Kosky’s ‘extravagant minimalism’ is well adapted to realising the dramatic possibilities of the score as well as the moments of quieter contemplation. The work’s Baroque provenance is echoed in the colourful costumes of the cast, generally inspired by the 18th century, along with the lavish banquet set out for much of the first part in celebration of David’s triumph over Goliath, and the dance choreography in some of the choruses. Some may feel that the latter goes somewhat too far, but there is otherwise very little else in the way of sets or props and so the production ensures that attention is secured upon the drama among the chief characters, without unnecessary distraction. Fortunately their acting and musical abilities are generally excellent.

Christopher Purves’s portrayal of Saul’s descent into madness is compelling and disturbing, though on occasion one may feel that his singing of the part could have been more menacing or ferocious. His interpretation also sometimes issues in more of a half-spoken account of the music which does, perhaps, complement Saul’s psychological disintegration, but this seems to be a trait of Purves’s singing more generally as also evidenced in his recent Don Giovanni for ENO. In contrast Iestyn Davies maintains utmost purity and steadiness of tone as David, seen by the Israelites at first in Kosky’s production as an outsider, almost an animal, to be feared or approached with caution, rather than their heroic saviour. Davies’s consistently unflustered performance creates a figure of mysterious charisma who exerts an entrancing influence upon the family of Saul – not least upon his son Jonathan, and this production makes explicit their latent homo-erotic relationship which is referred to in the Bible. Davies’s approach is flexible enough to exude the quiet intensity of ‘O Lord, whose mercies numberless’ to quell Saul’s ravings, and also to remain calm in the face of the king’s threats in ‘At persecution I can laugh’.

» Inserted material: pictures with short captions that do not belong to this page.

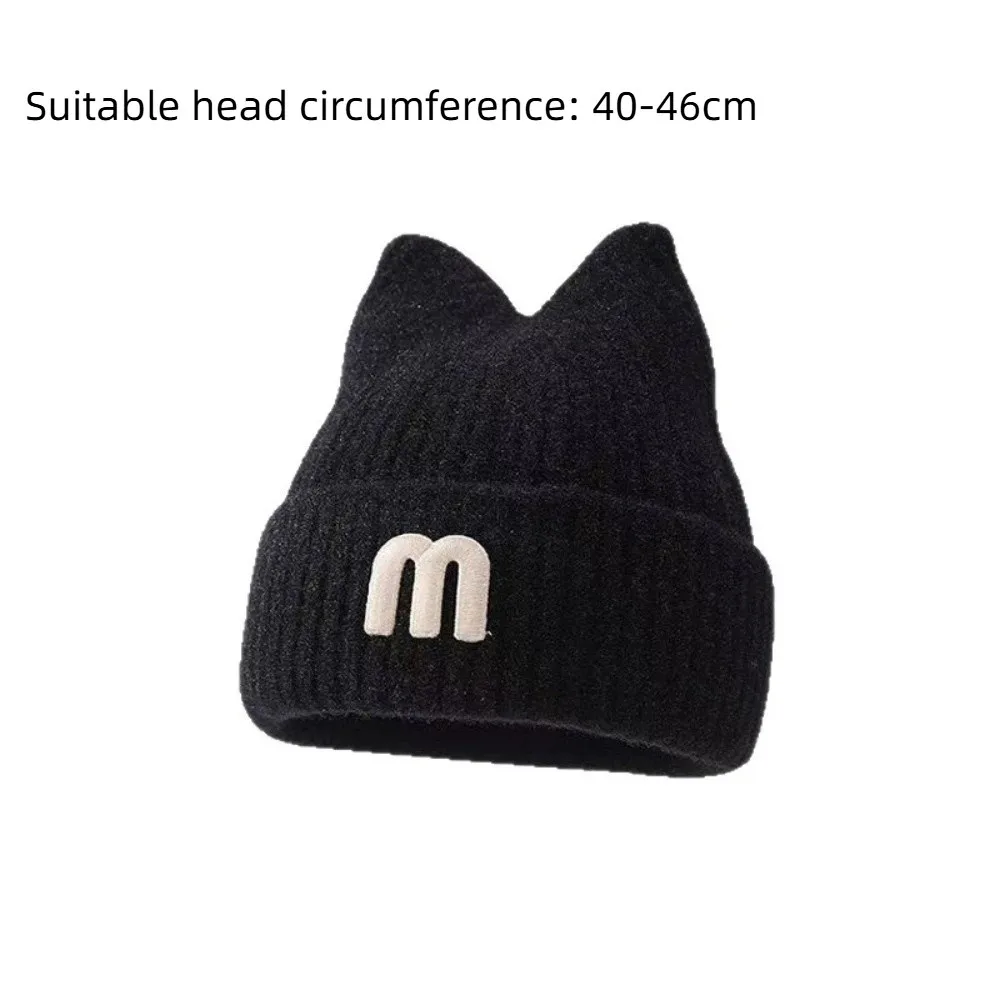 Gorro de punto para invierno, color sólido, cálido con letras - imagen 5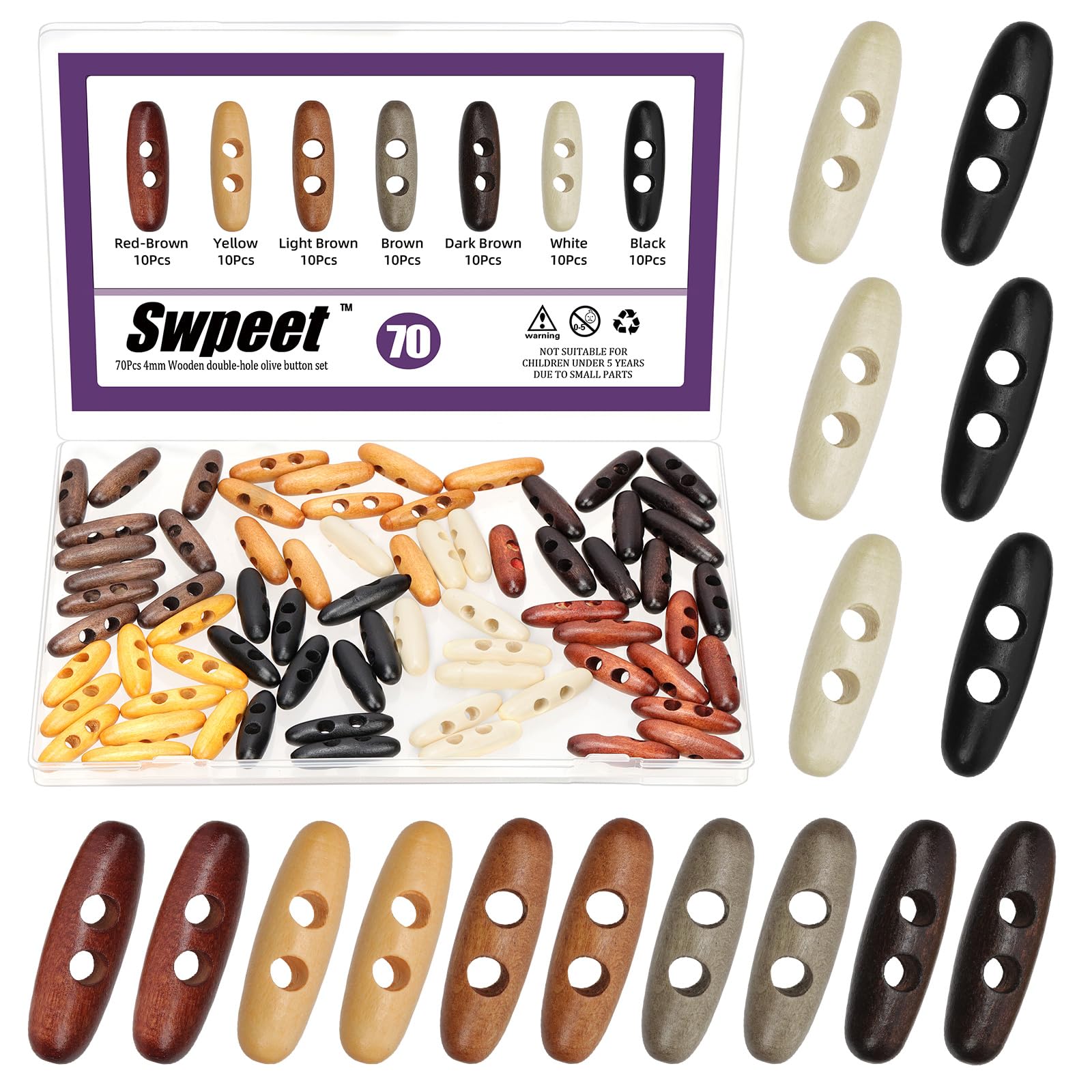 Swpeet 70Pcs 7 Colors 5.5mm Hole Wood Horn Toggle Buttons Assortment Kit, Olive Shape 2 Holes Toggle Buttons, Craft Wooden Sewing Button, DIY Accessories Vintage Oval Buckle for Clothing Scrapbooking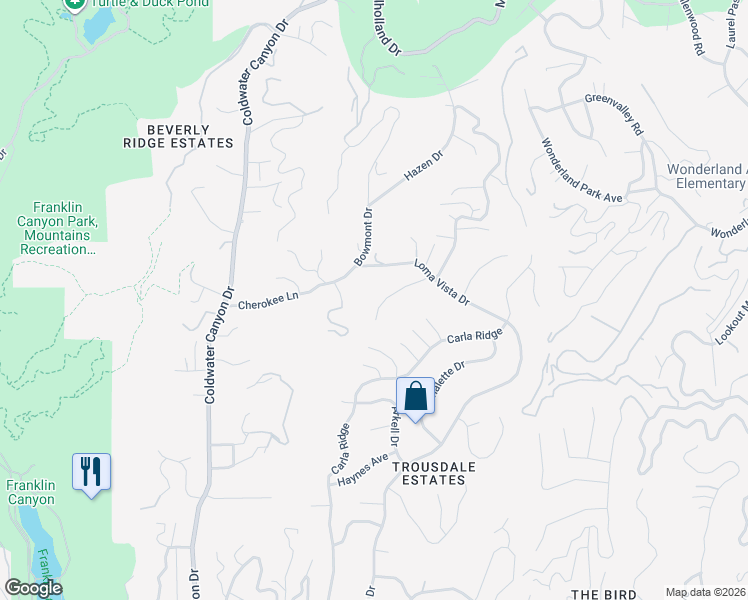 map of restaurants, bars, coffee shops, grocery stores, and more near 565 Evelyn Place in Beverly Hills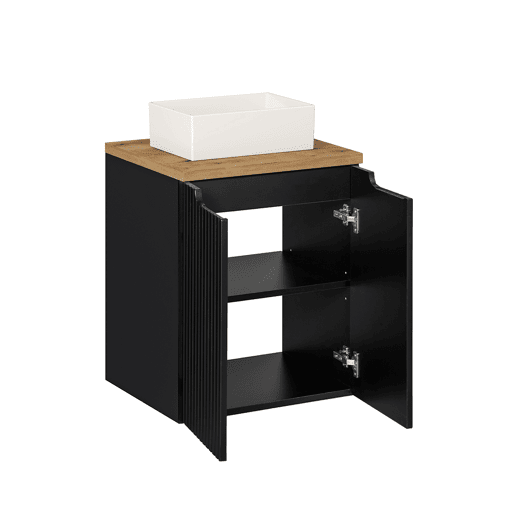 Móvel de lavatório simples 50cm 2 portas Riva Preto e Madeira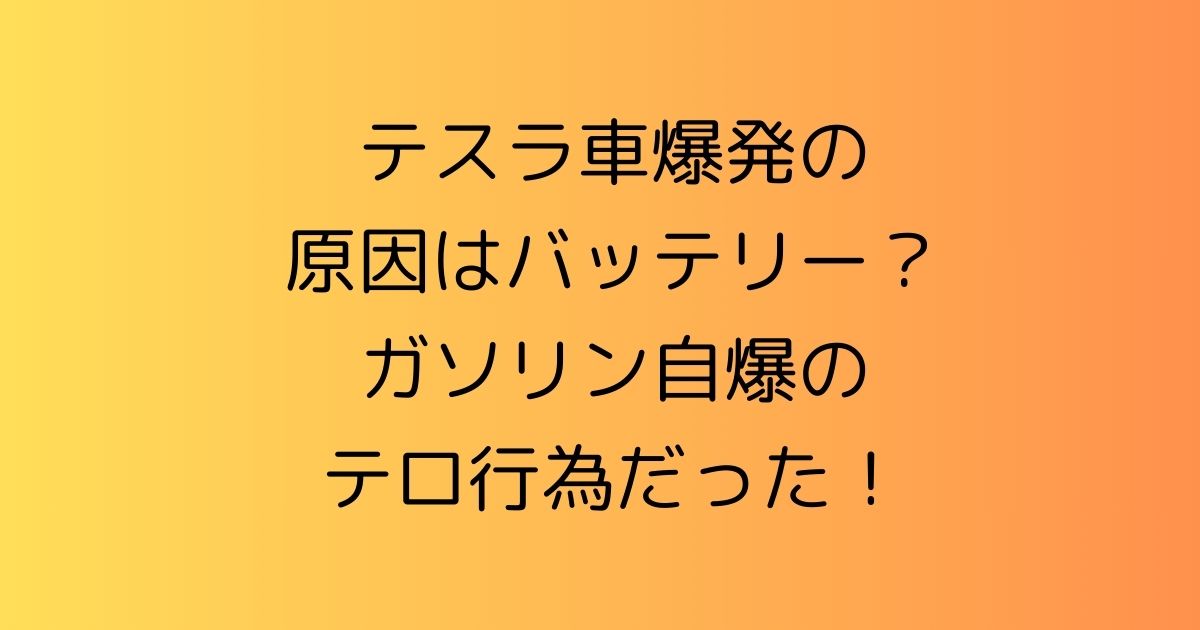 テスラ車爆発の原因はバッテリー？ガソリン自爆のテロ行為だった！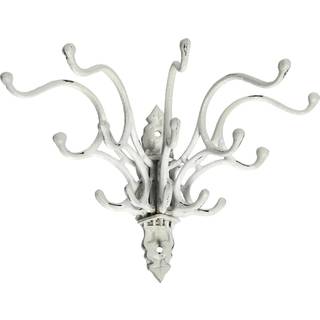Kreativ co-op antik dekorativt støbejern Multi Hook Wall Hanger med 15 kroge ulykkelige hvide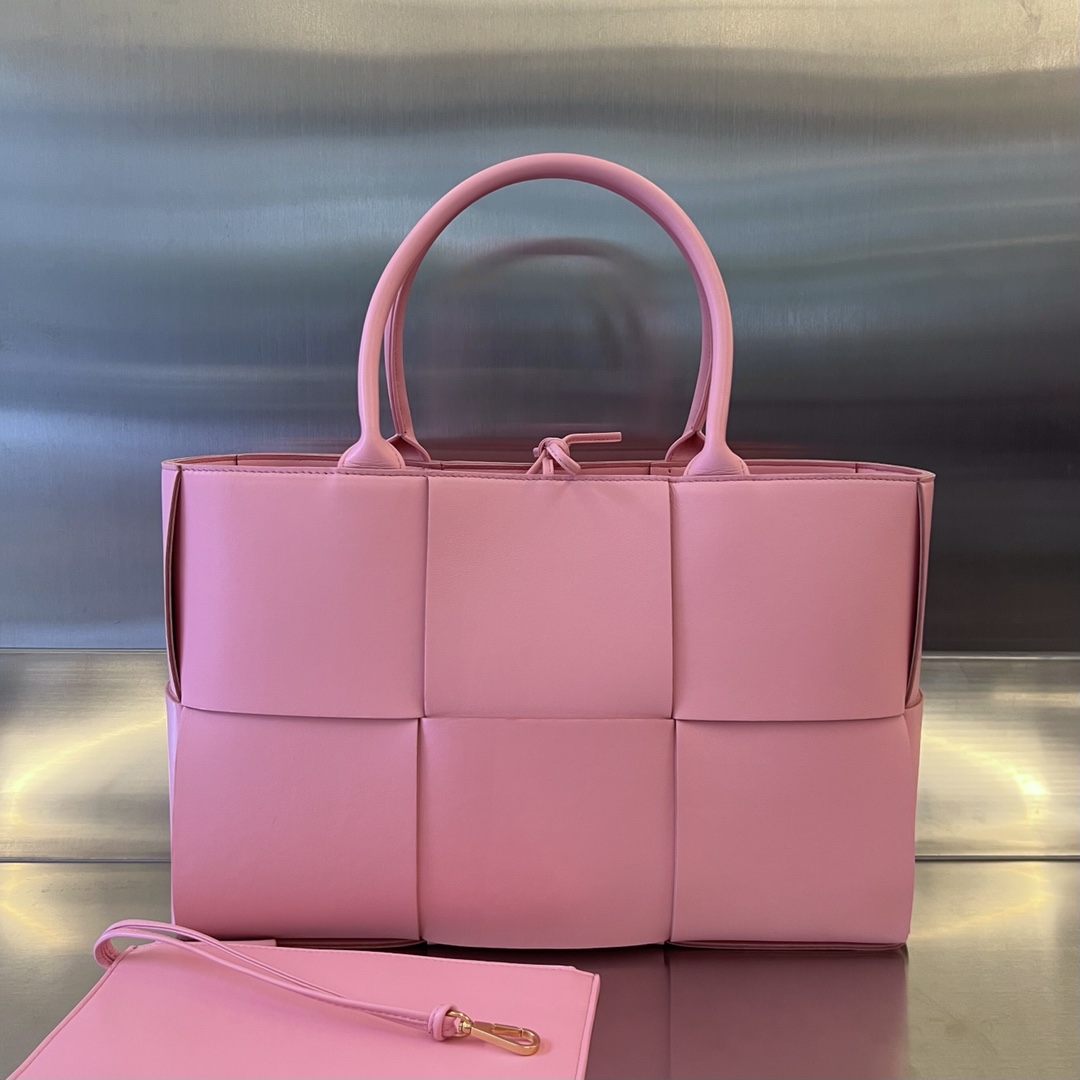 BOTTEGA VENETA Candy Arco Ribbon Pink Leather Tote Bag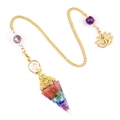 Seven Chakra crystal resin hexagonal pendulum pendant with natural stones and gold chain - Rainbow Stone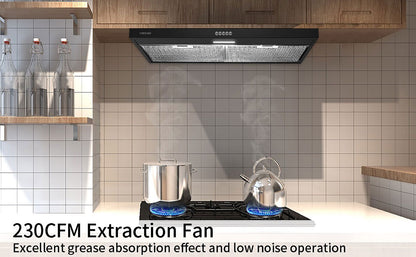 Stainless Steel Under Cabinet Range Hood Vent Cooking 230 CFM Kitchen 3 Speed cooker hood - Renee Lane Company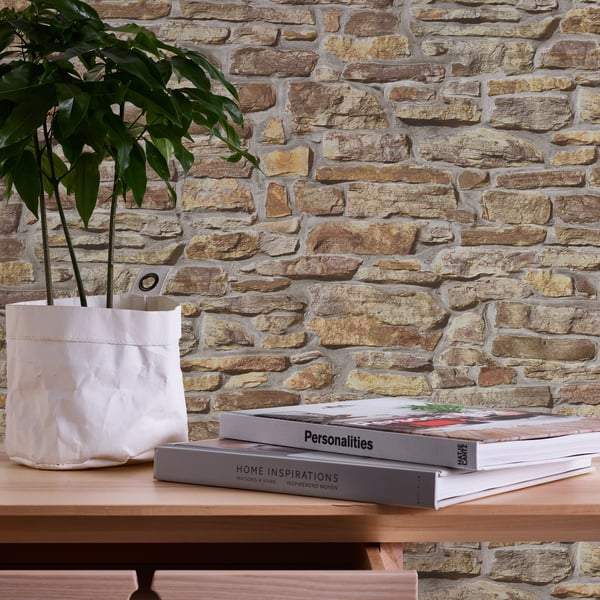 Galerie BB51127 Beige Brown Stone Symphony Motif - Eade's Wallpaper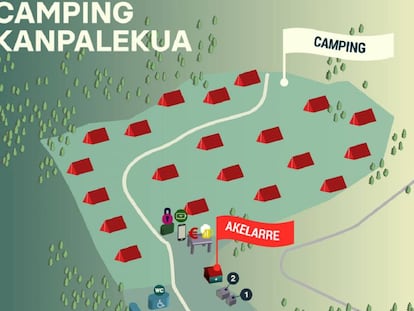 Zona de acampada del Bilbao BBK Live 2019 (Pincha en la imagen para ver el plano completo)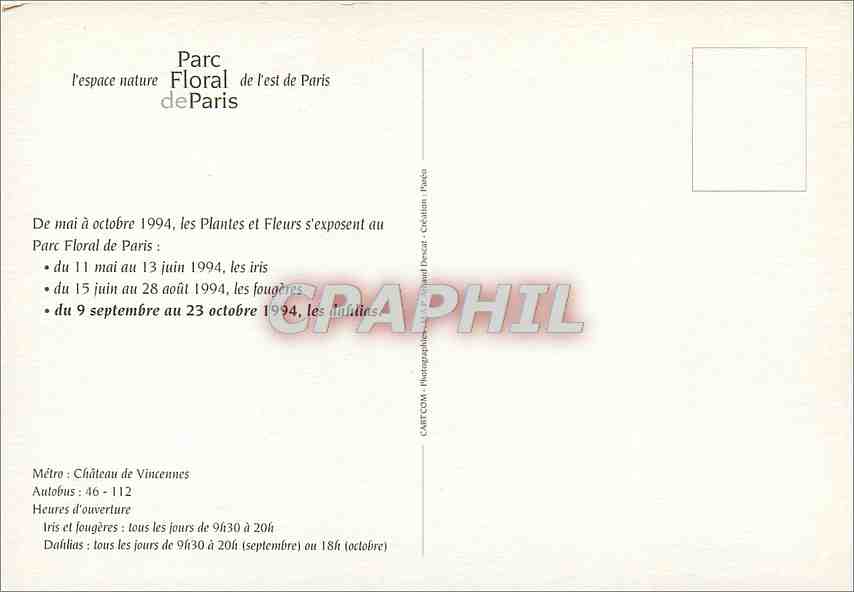 CPM Mairie de Paris Les Plantes et Fleurs s'exposent au Parc Floral de Paris  — Rückseite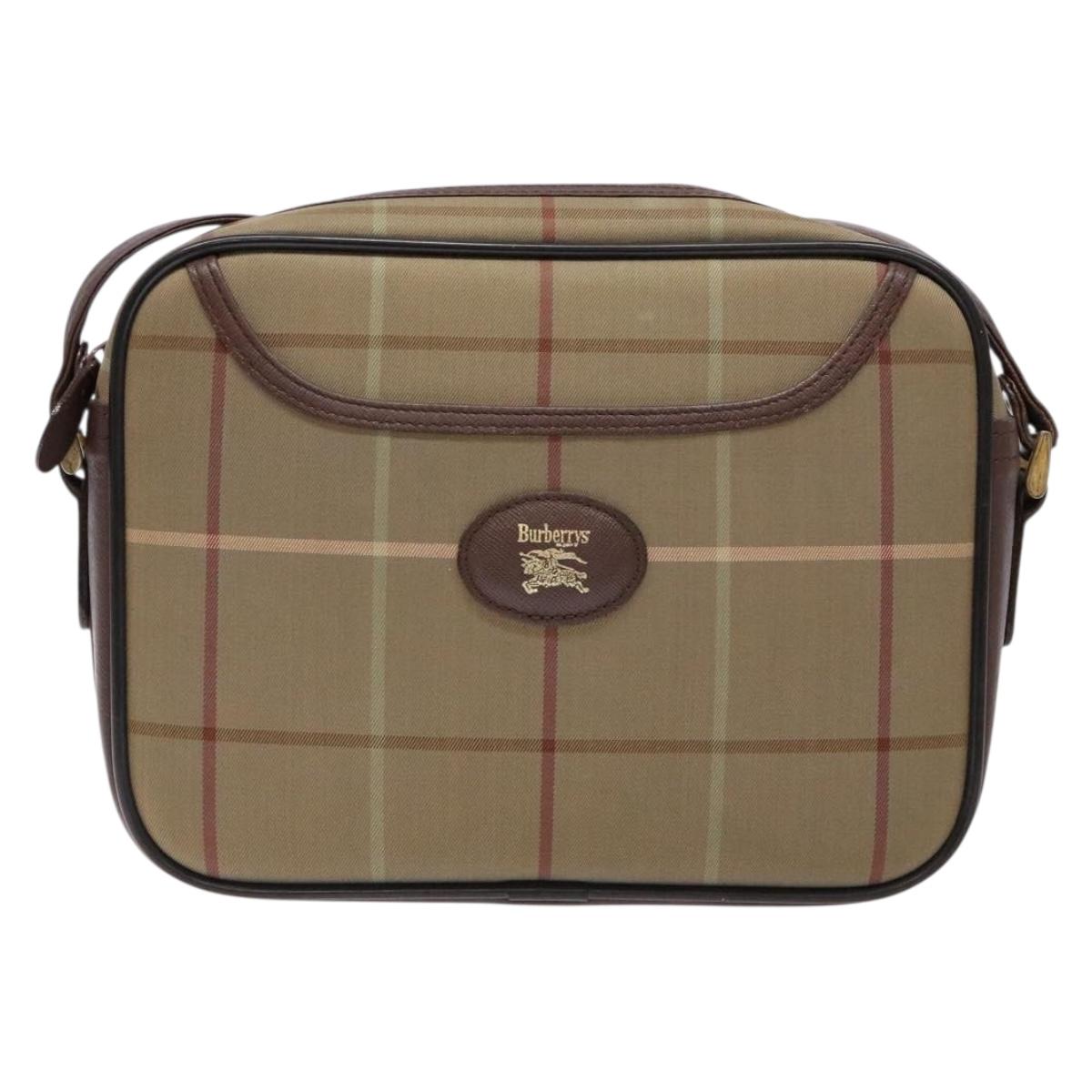 Burberrys Nova Check Shoulder Bag Canvas Beige Brown Auth ki5994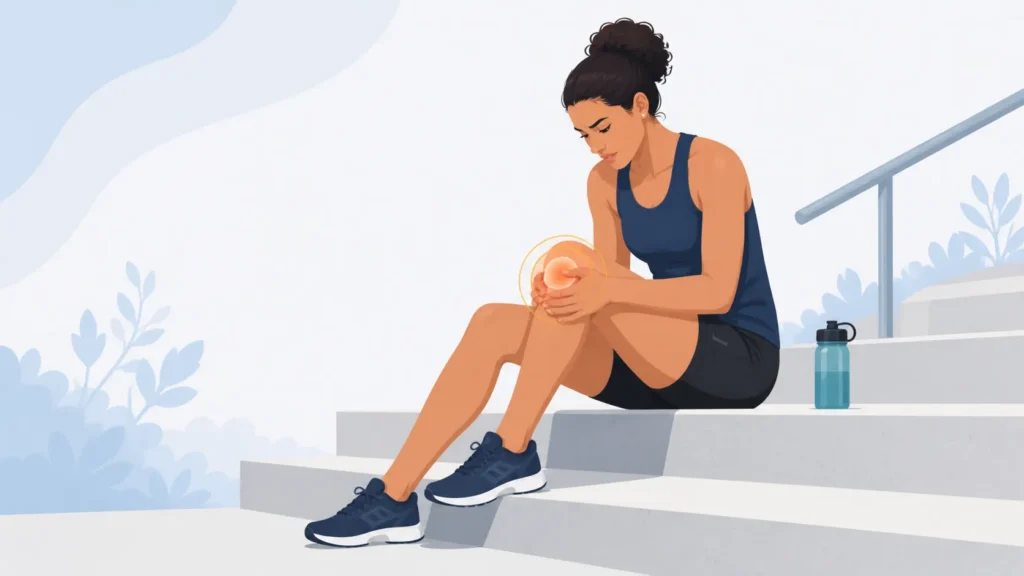 female athlete knee pain on stairs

Paul Appleby is a lyrical, expressive Jonathan in sympathetically characterising his devotion to David, offsetting the contrasting attitude of his two sisters - Sophie Bevan’s radiant but innocent Michal as she tells of her love for David, and Lucy Crowe’s suitably haughty Merab who looks down upon the lowly-born shepherd boy as an unsuitable partner in marriage. Benjamin Hulett proves commendably versatile in taking up the amalgamation of the parts of Abner, High Priest, Amalekite, and Doeg as a freakishly clown-like figure, commenting upon the action. Kosky sees parallels between the story of Saul and that of Shakespeare’s King Lear, and so this collation of roles would seem to serve the oratorio in the same manner as the Fool in the latter. Kosky also ascribes the dysfunctional nature of the families at the centre of both dramas to the lack of a mother-figure in each, and so makes the Witch of Endor as a sort of perverted surrogate for Saul as he consults her, and sucks at her wizened breasts to gain knowledge and foresight. As usual it is taken by a tenor, John Graham-Hall giving the part the sinister drawl that it requires.

On the whole the performance benefits from the presence and energy of a live rendition: particularly impressive is the dynamism sustained throughout the sequence of mainly choral numbers near the beginning of the first part as it then culminates in a fugal ‘Hallelujah’ chorus, and again at the very end of the work as the tension mounts towards the conclusion. On occasion the chorus sound just a little unfocussed as attention to the more elaborate choreography perhaps undermines absolute precision in more complex contrapuntal textures, but elsewhere they are emphatic and responsive to the dramatic situation, such as in their sullen ‘Mourn Israel’ which laments the wastefulness of war. Ivor Bolton’s alert and usually brisk-paced direction adds further impetus and urgency to the performance, though without driving the music too hard and working harmoniously with the action on stage.

Altogether this is a fine piece of musical theatre and the DVD recording picks up just about as much glamour and nuance as is it is possible to convey using the comparatively limited focus of cameras. In an additional ten minute feature, Kosky and Purves reflect on their realisation of the work’s theme of madness.